I have a parameter $\theta$ which is equal to $\sqrt{(X / n)}$, or the $\sqrt{\bar{X}}$.
$X$ follows a binomial distribution $\text{Bin}(n,\theta^2)$
I was trying to find the distribution using the M.G.F.. Is my approach to find the distribution of $\theta$ correct?
Let $p$ be $\theta^2:$
MGF of $X$ (binomial): $$[ (1-p) + pe^t]^n$$
MGF of $\bar{X}$: $$[ (1-p) + pe^{t/n}]^n$$
MGF of $\sqrt{\bar{X}}$: $$[ (1-p) + pe^{ \sqrt{t/n} } ]^n$$
I'm not really familiar with MGF's, your help will really be appreciated! :) Also, if anyone has a reference to a master collection of transformations with MGF's, it will really help as well!
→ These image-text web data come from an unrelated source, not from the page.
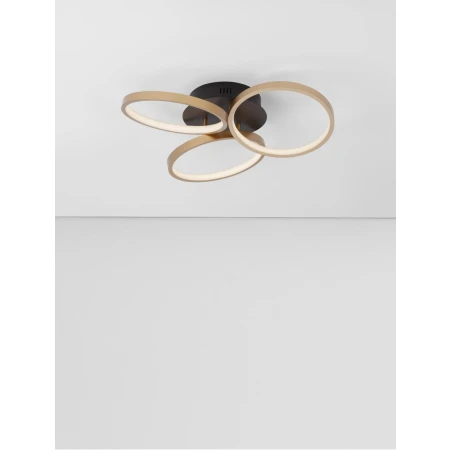 Lampa sufitowa nowoczesna nowoczesna  LEDOWECROIX LE42656 - Luces Exclusivas
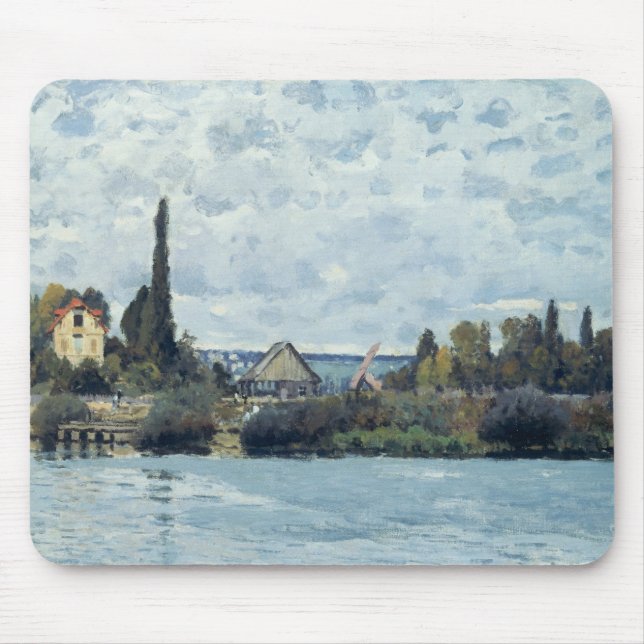 Alfred Sisley | Seinen på Bougival Musmatta (Framsidan)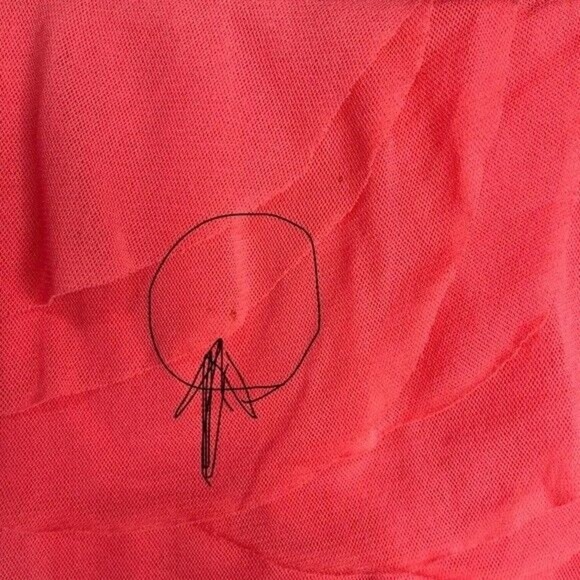 EXPRESS Women Mini Skirt Sz M Ruffle Mech - Picture 11 of 12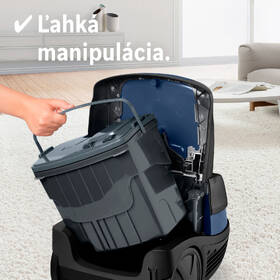 Viacúčelový vysávač Bosch BWD41700 sivý/modrý

 obrázok produktu 5 z 6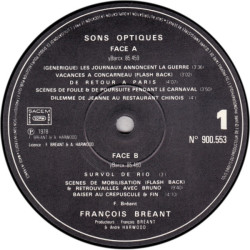 François Bréant – Sons Optiques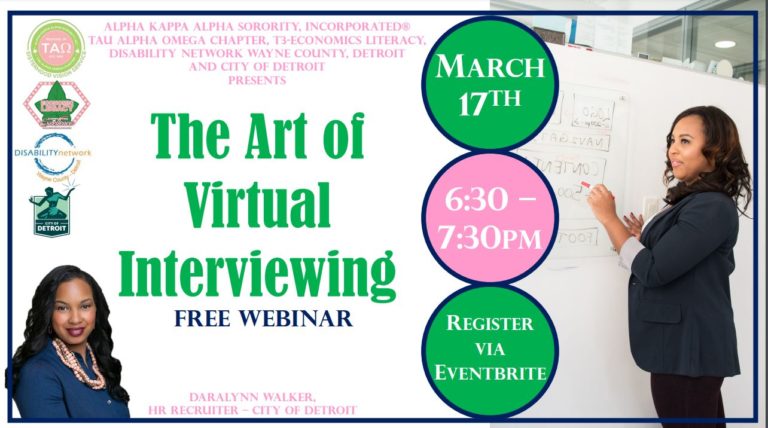 The Art of Virtual Interviewing 2021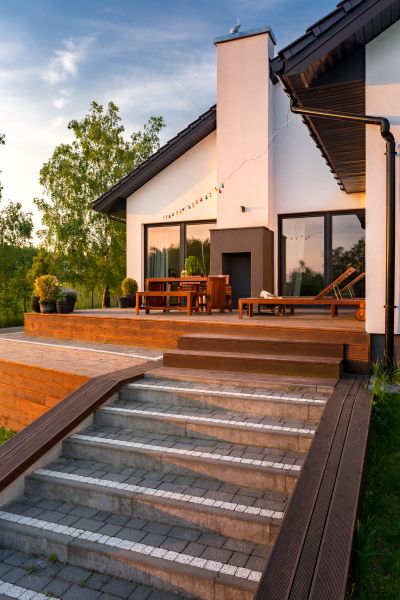 Patio Steps Replacement in Lynchburg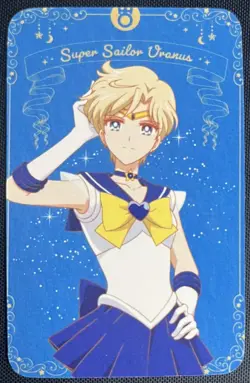 Haruka Tenou / Sailor Uranus Sailor Moon Anime Doujin Trading Card - Image 1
The one's I've found online deal with a very small subset of examples, eg addition.
Thank you!
If $X \sim \text{Binomial}(n, \theta^2)$ and $Z = \sqrt{X/n}$, the MGF of $Z$ is
$$ \eqalign{\mathbb E[\exp(t Z)] &= \sum_{x=0}^n \mathbb P(X=x) e^{t \sqrt{x/n}}\cr &= \sum_{x=0}^n {n \choose x} \theta^{2x} (1-\theta^2)^{n-x} e^{t \sqrt{x/n}}} $$